EXERCISE:
Output the first line below and each one after it, exactly, up to and including the line holding "Put auf Blackstone". Pictures should not be copied.

(THE RECORDS begins)

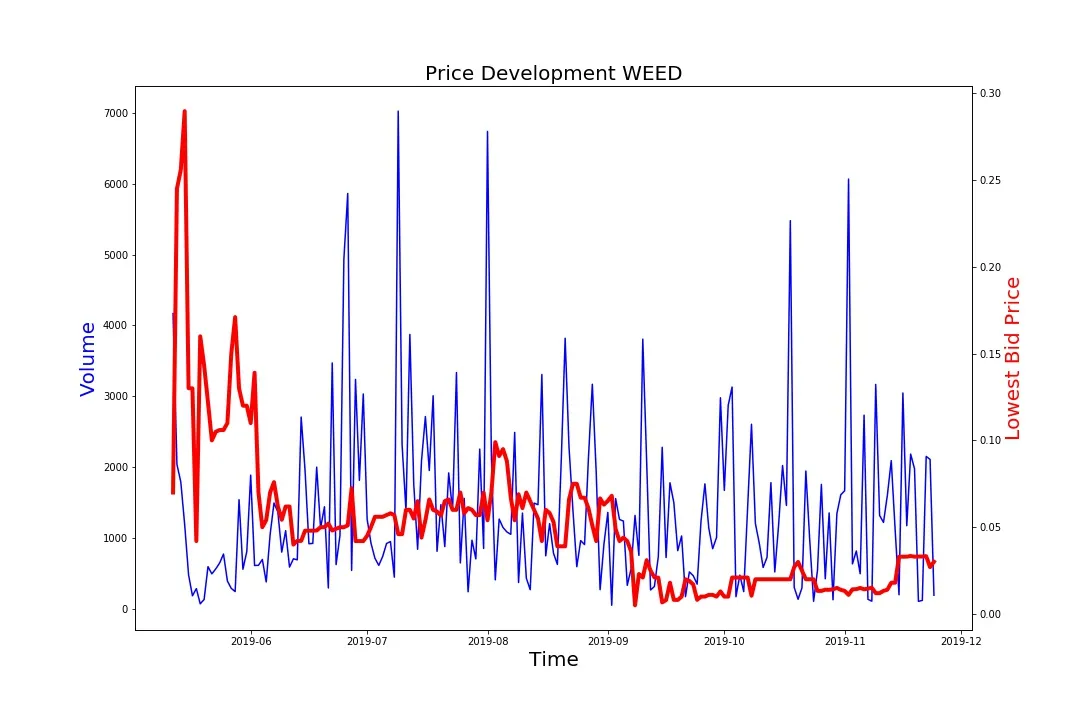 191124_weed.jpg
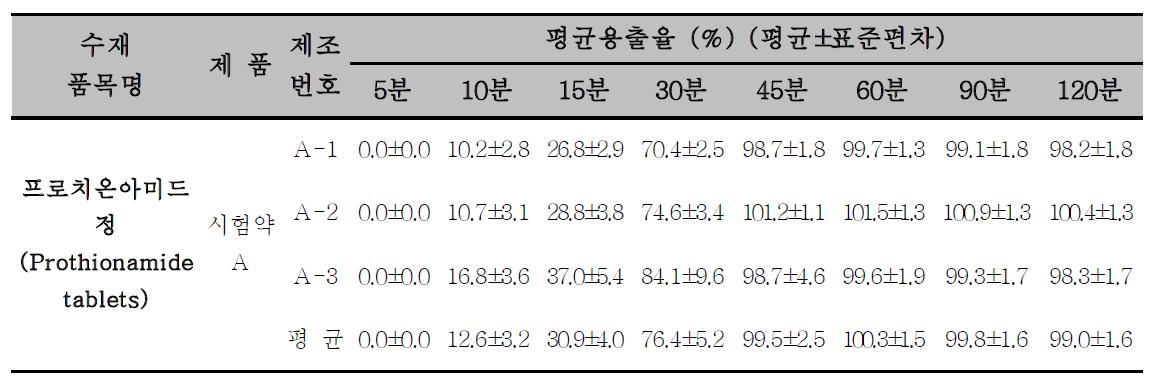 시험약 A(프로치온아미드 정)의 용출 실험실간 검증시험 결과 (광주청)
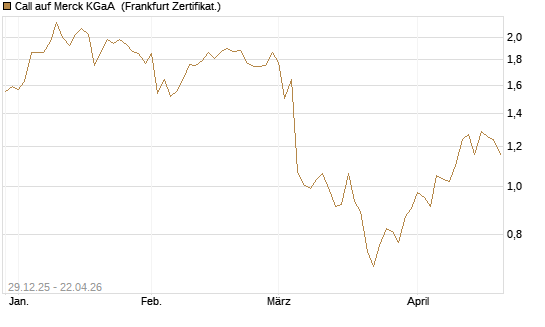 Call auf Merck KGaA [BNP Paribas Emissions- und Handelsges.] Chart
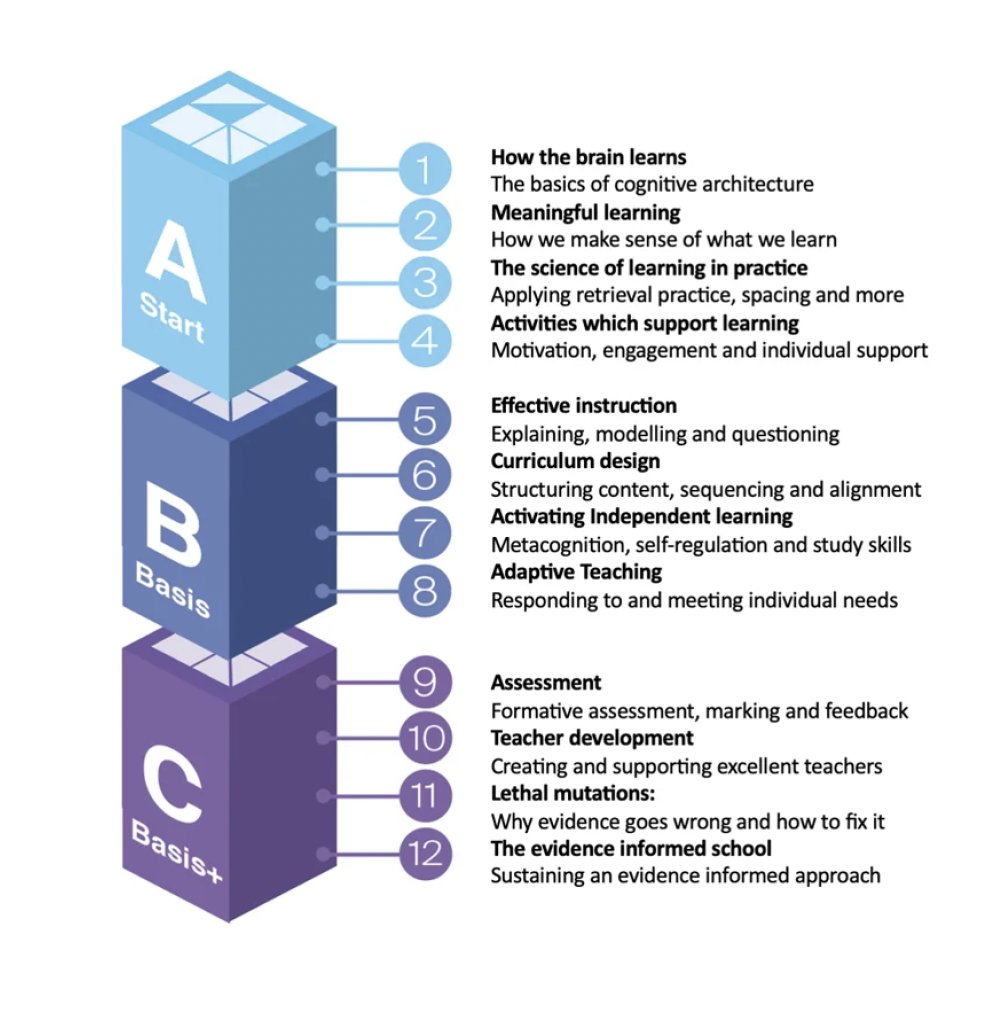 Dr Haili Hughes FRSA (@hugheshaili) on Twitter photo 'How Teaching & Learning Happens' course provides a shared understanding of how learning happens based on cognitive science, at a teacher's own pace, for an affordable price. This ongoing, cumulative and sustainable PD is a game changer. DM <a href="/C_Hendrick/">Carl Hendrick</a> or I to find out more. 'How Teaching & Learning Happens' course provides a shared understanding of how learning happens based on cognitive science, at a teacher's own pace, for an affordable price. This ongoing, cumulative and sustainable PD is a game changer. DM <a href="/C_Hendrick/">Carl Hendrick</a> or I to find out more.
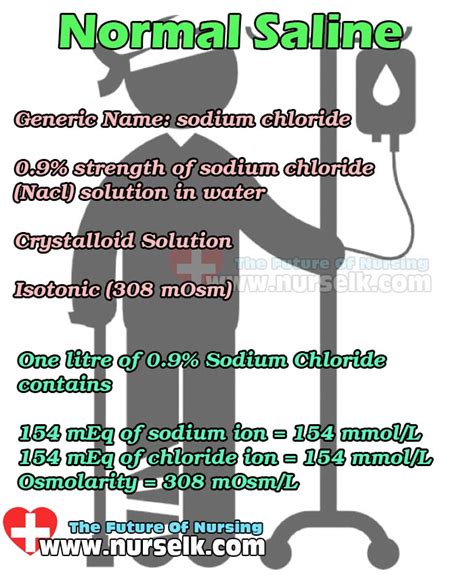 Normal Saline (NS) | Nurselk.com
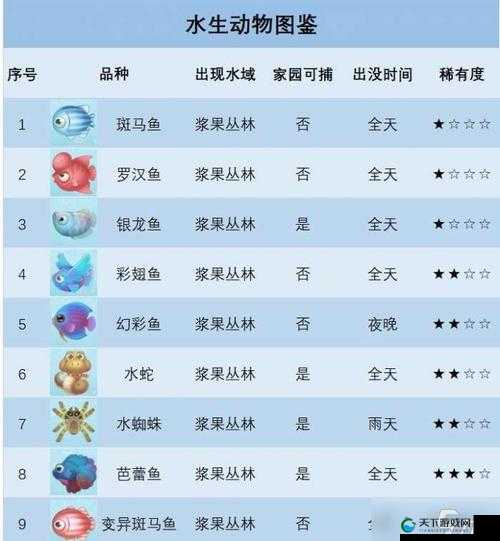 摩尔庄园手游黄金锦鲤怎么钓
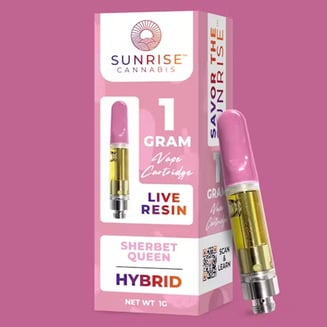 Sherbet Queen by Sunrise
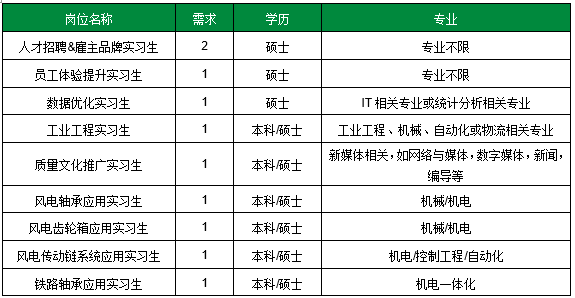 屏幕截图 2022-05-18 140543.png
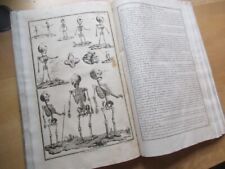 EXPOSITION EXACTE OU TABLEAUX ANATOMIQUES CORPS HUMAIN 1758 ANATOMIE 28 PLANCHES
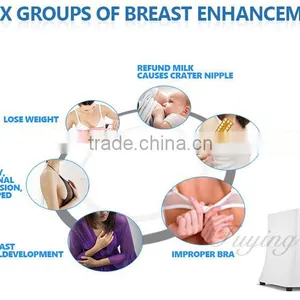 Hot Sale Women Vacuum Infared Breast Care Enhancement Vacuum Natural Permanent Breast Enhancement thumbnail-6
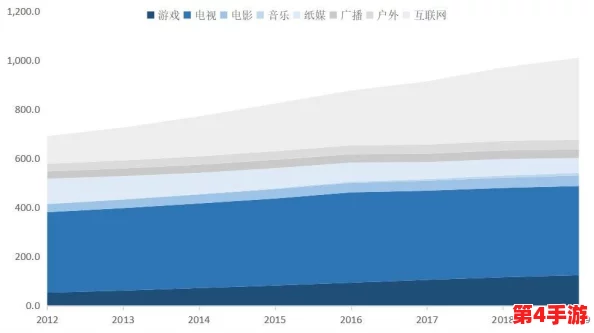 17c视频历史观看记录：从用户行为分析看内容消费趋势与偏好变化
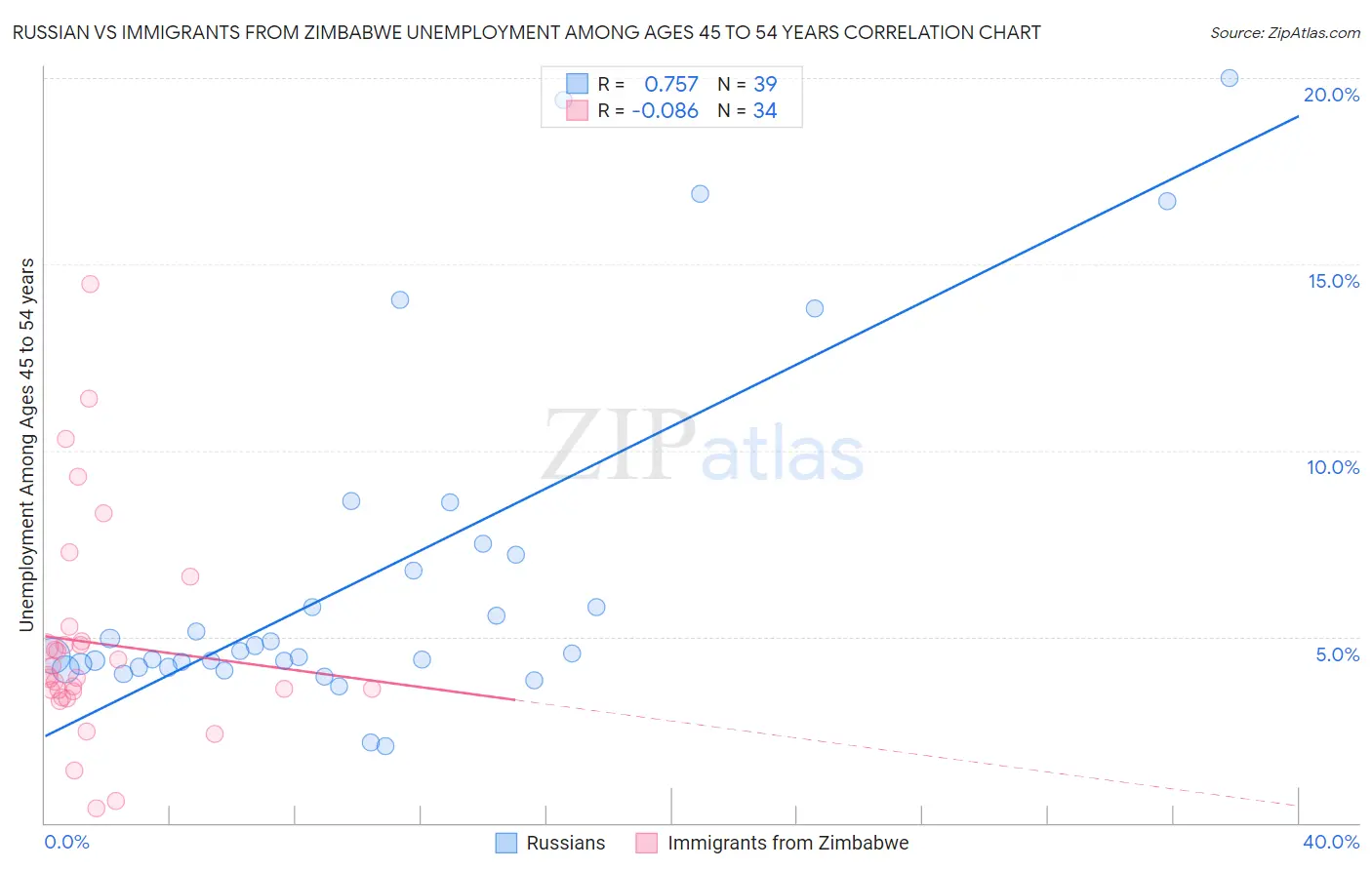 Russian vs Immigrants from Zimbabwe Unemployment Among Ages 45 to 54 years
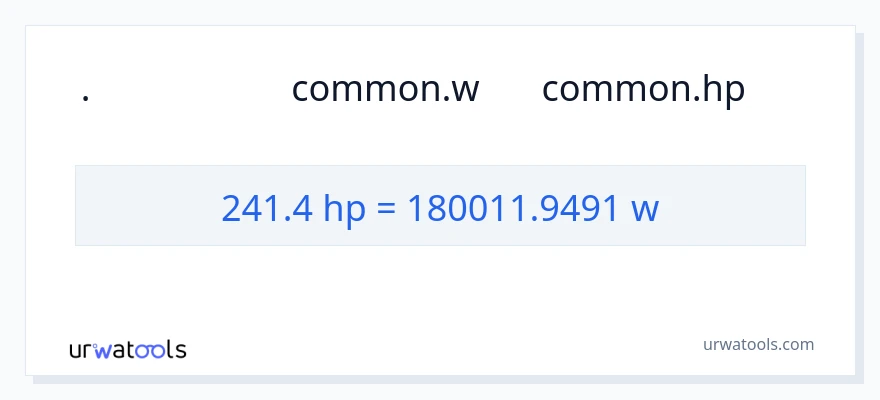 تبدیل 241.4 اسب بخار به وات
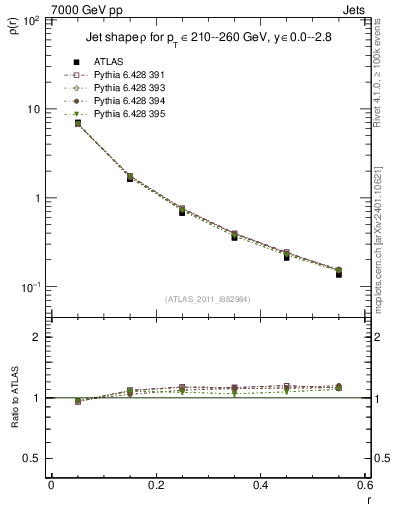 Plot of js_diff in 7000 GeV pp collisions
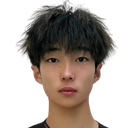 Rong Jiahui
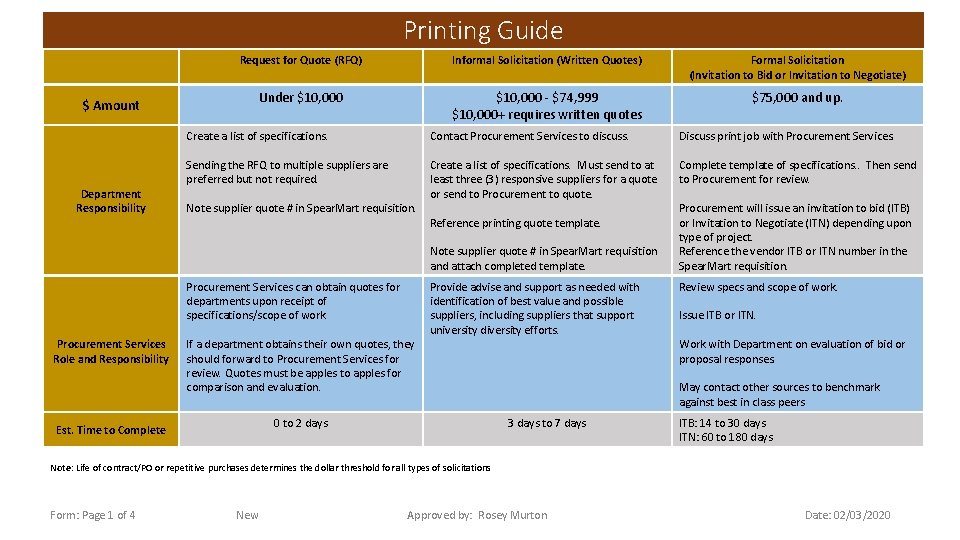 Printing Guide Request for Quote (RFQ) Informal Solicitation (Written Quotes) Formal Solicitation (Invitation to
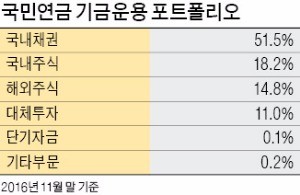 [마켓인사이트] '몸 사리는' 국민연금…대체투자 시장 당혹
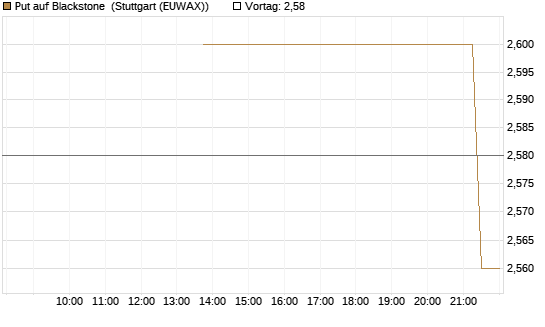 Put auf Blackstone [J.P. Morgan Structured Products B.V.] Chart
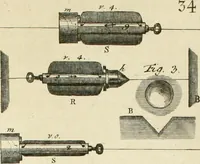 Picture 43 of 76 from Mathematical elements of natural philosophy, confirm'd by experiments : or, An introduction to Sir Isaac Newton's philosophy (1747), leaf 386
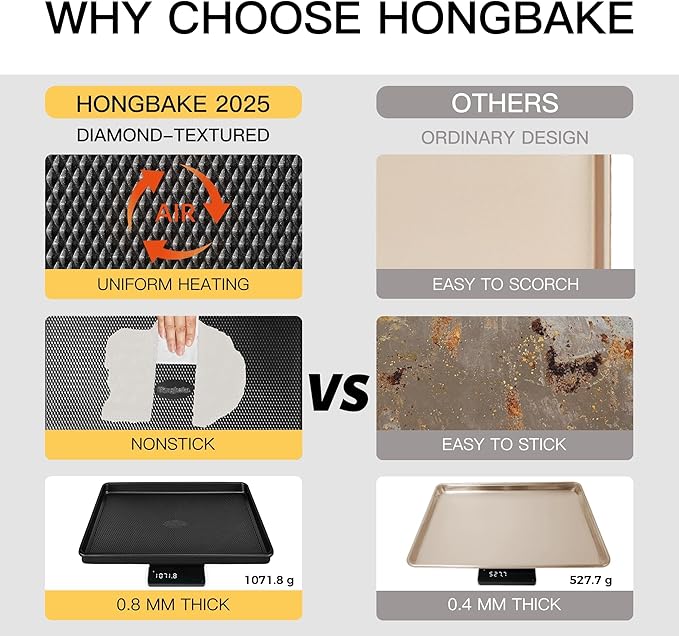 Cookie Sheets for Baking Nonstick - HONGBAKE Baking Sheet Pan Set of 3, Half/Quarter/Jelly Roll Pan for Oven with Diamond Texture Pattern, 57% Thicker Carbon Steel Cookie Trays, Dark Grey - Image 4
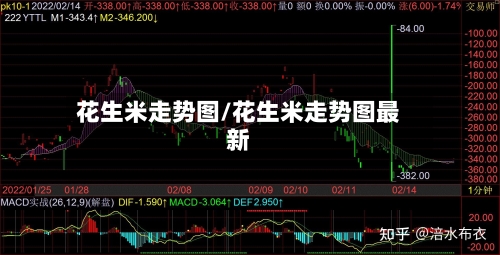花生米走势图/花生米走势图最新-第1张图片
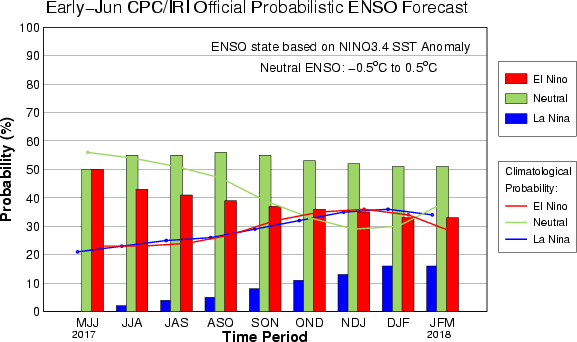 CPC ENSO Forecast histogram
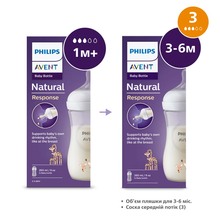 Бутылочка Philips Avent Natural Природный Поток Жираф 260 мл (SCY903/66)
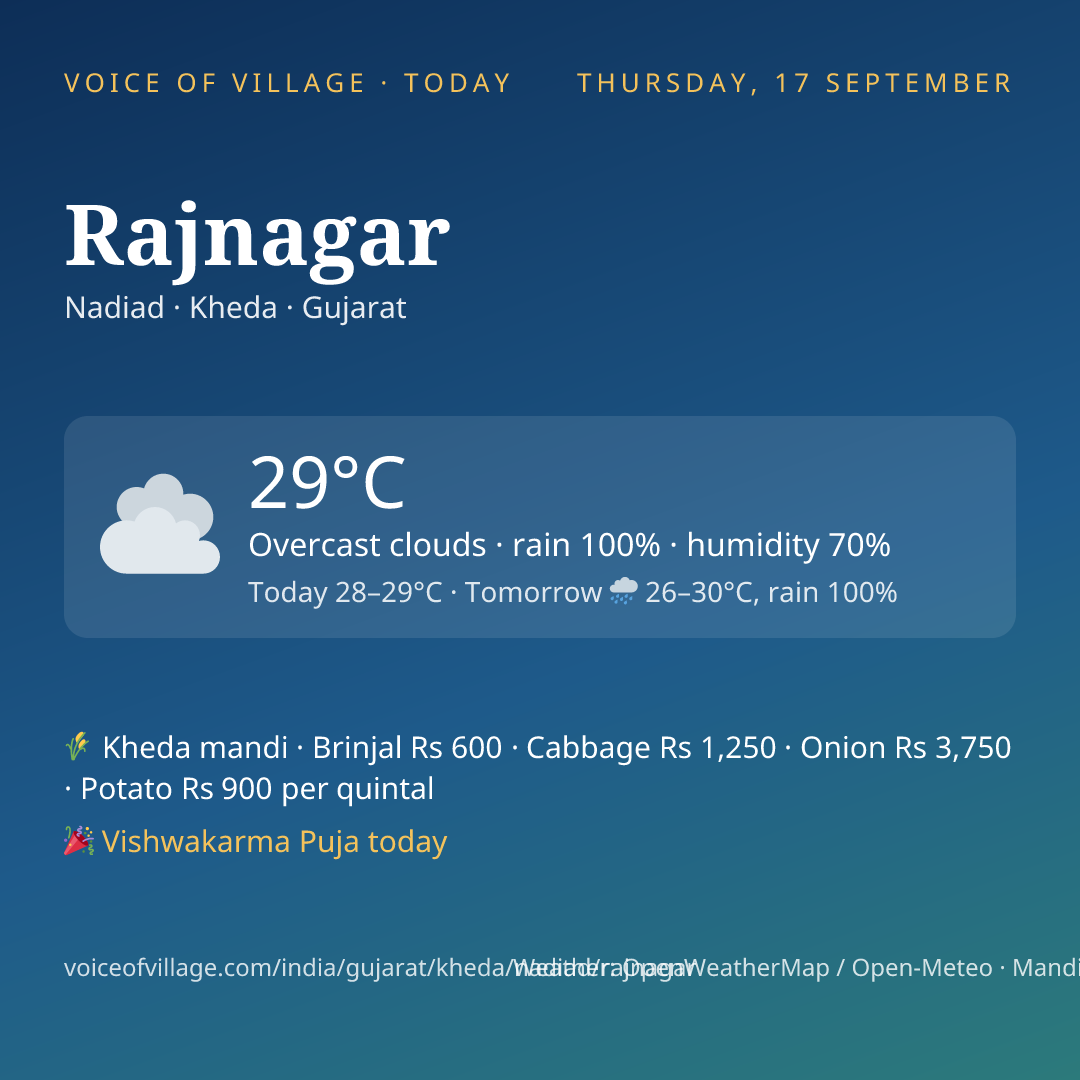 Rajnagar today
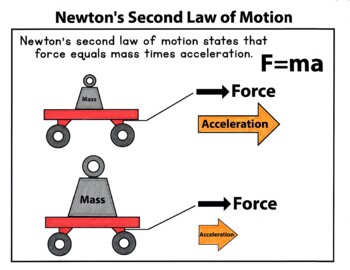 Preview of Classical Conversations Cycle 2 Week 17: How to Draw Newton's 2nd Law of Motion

(THE RECORDS ends)

RESPONSE BELOW:
 191124_weed.jpg
 시험약 A(프로치온아미드 정)의 용출 실험실간 검증시험 결과 (광주청)
 Call auf Merck KGaA [BNP Paribas Emissions- und Handelsges.] Chart
 Dr Haili Hughes FRSA (@hugheshaili) on Twitter photo 'How Teaching & Learning Happens' course provides a shared understanding of how learning happens based on cognitive science, at a teacher's own pace, for an affordable price. This ongoing, cumulative and sustainable PD is a game changer. DM <a href="/C_Hendrick/">Carl Hendrick</a> or I to find out more. 'How Teaching & Learning Happens' course provides a shared understanding of how learning happens based on cognitive science, at a teacher's own pace, for an affordable price. This ongoing, cumulative and sustainable PD is a game changer. DM <a href="/C_Hendrick/">Carl Hendrick</a> or I to find out more.
 Normal Saline (NS) | Nurselk.com
 摩尔庄园手游黄金锦鲤怎么钓
 Sherbet Queen by Sunrise
 屏幕截图 2022-05-18 140543.png
 EXPOSITION EXACTE OU TABLEAUX ANATOMIQUES CORPS HUMAIN 1758 ANATOMIE 28 PLANCHES
 Hot Sale Women Vacuum Infared Breast Care Enhancement Vacuum Natural Permanent Breast Enhancement thumbnail-6
 17c视频历史观看记录：从用户行为分析看内容消费趋势与偏好变化
 Russian vs Immigrants from Zimbabwe Unemployment Among Ages 45 to 54 years
 تبدیل 241.4 اسب بخار به وات
 Plot of js_diff in 7000 GeV pp collisions
 Rong Jiahui
 Printing Guide Request for Quote (RFQ) Informal Solicitation (Written Quotes) Formal Solicitation (Invitation to
 [마켓인사이트] '몸 사리는' 국민연금…대체투자 시장 당혹
 Put auf Blackstone [J.P. Morgan Structured Products B.V.] Chart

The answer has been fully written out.